Express-News file photo.

“The only difference between (Beatles producer) George Martin and me is he knew what he was doing,” said Guerra, showing a flash of pride, something he usually keeps hidden. But drawing inspiration from the pop R&B of Motown, he was Tejano music’s greatest record producer.

Hernandez credits Guerra with improving the fidelity of local records by bringing in studio musicians, background singers and outside songwriters like Luis Silva. He created distinctive echo and reverb effects with a massive metal gasoline storage tank equipped with a audio speaker, microphone and baffles. Guerra also rejected the accordion, his first childhood instrument — he sometimes jokes about building a giant bonfire of accordions — for the keyboard synthesizer.

In interviews about his memoir, Guerra downplays all of that. He would rather talk about his faith and Scripture than his fabled musical past.

“He’s kind of evasive,” Hernandez said.

If he’s soured on his secular music credits, Guerra said it’s because he “wasn’t serving God” and was using his talents “for the wrong reasons.”
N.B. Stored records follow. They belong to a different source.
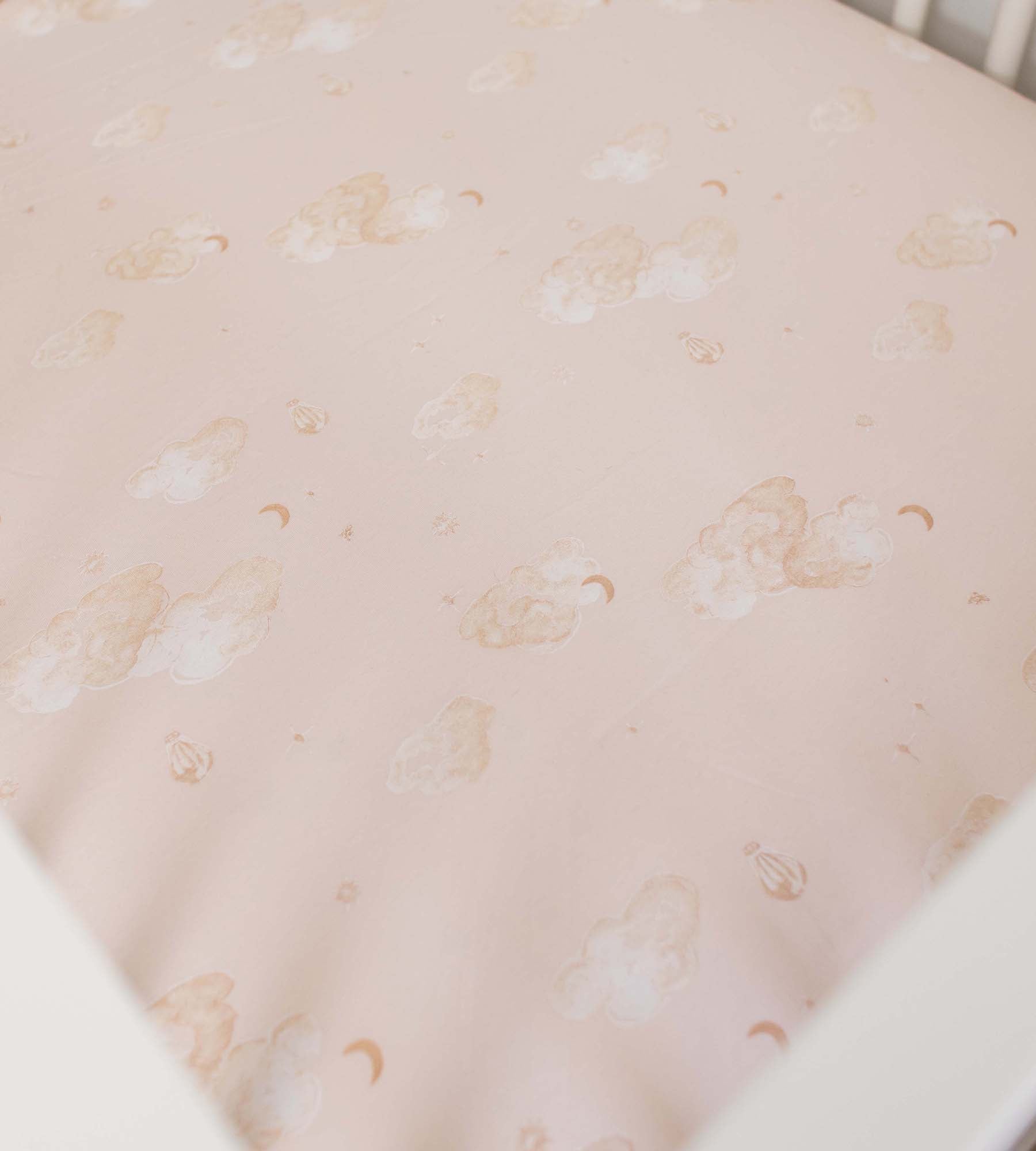 Good Night Sky Organic Cotton Crib Sheets Set of 2 - Ranunculus、mySite、g9winljtr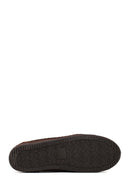 Woman Brown Tasselled Suede Loafer | Derimod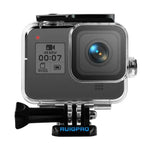 حافظة واقية مقاومة للماء حتى 45 متر مع مشبك وقاعدة تثبيت ومسمار من RUIGPRO لـ GoPro HERO8 Black، RUIGPRO لـ GoPro HERO8 Black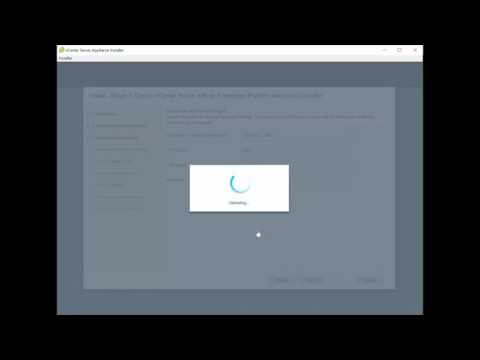 Technical 301- DEMO VCSA 6.5 Part 1 Deploying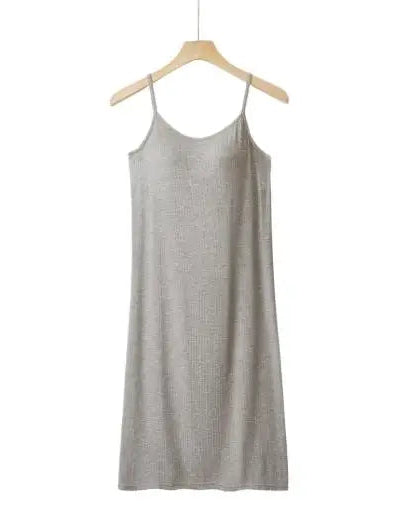 Modal-Cotton Padded Spaghetti Strap Sleep Dress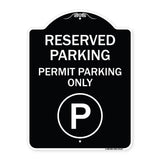 Reserved Parking - Permit Parking Only with Symbol
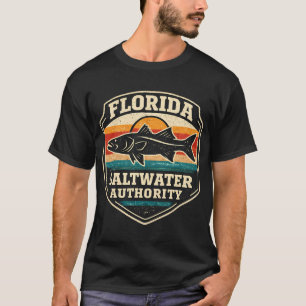 Retro Vintage Grote Mond Baars Vissen Cadeau Voor  T-shirt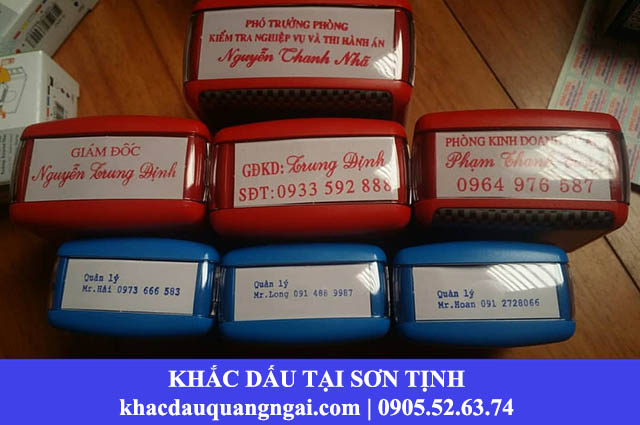 Khắc dấu tại Sơn Tịnh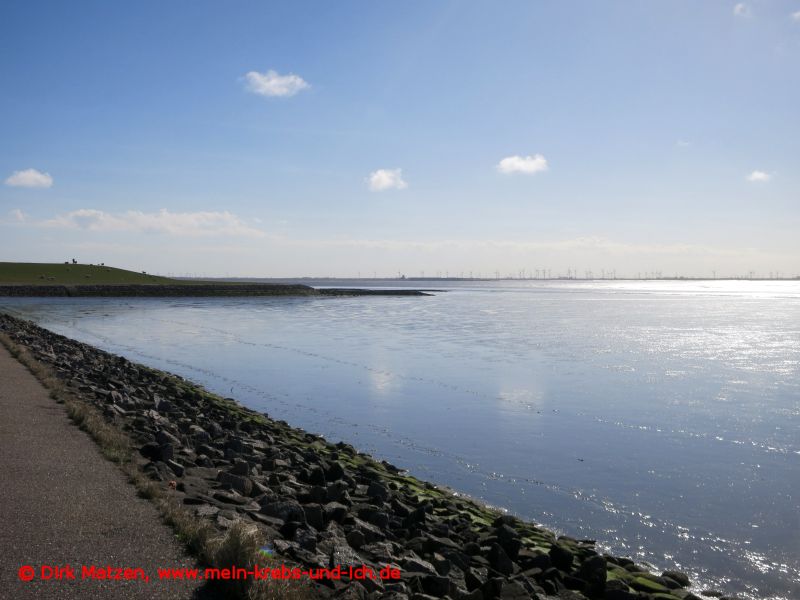 Radweg an der Nordsee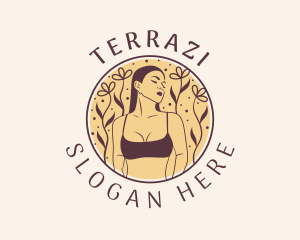 Flower Woman Lingerie logo design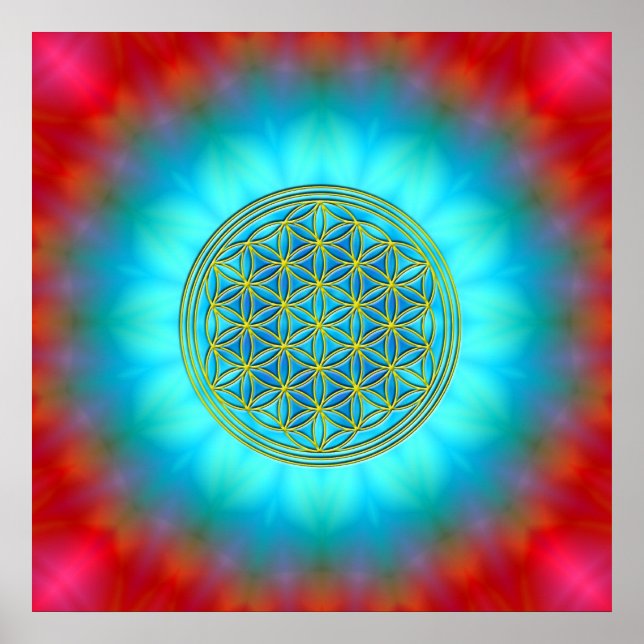 Blume des Lebens Motiv 11 Poster (Framsidan)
His musical journey came with lows, too: divorces, bitter band disputes and drama, financial hardships, heavy drinking, guilt and depression.

“Tejano Music Award Producer” is the new memoir by Manny Guerra.

“Tejano Music Award Producer” is the new memoir by Manny Guerra.

Christian Faith Publishing

A spiritual awakening changed the course of his life. Eventually, he would turn his back on the secular music of his youth.

“Tejano Music Award Producer” is a quick, 114-page read. It’s dedicated to Guerra’s 102-year-old mother, Lucia R. Guerra. And its title is somewhat misleading.

“It’s a book, not to tell people what to do. It’s more or less showing people what not to do, by the mistakes that I made,” he said.

Guerra’s talent was evident from the start.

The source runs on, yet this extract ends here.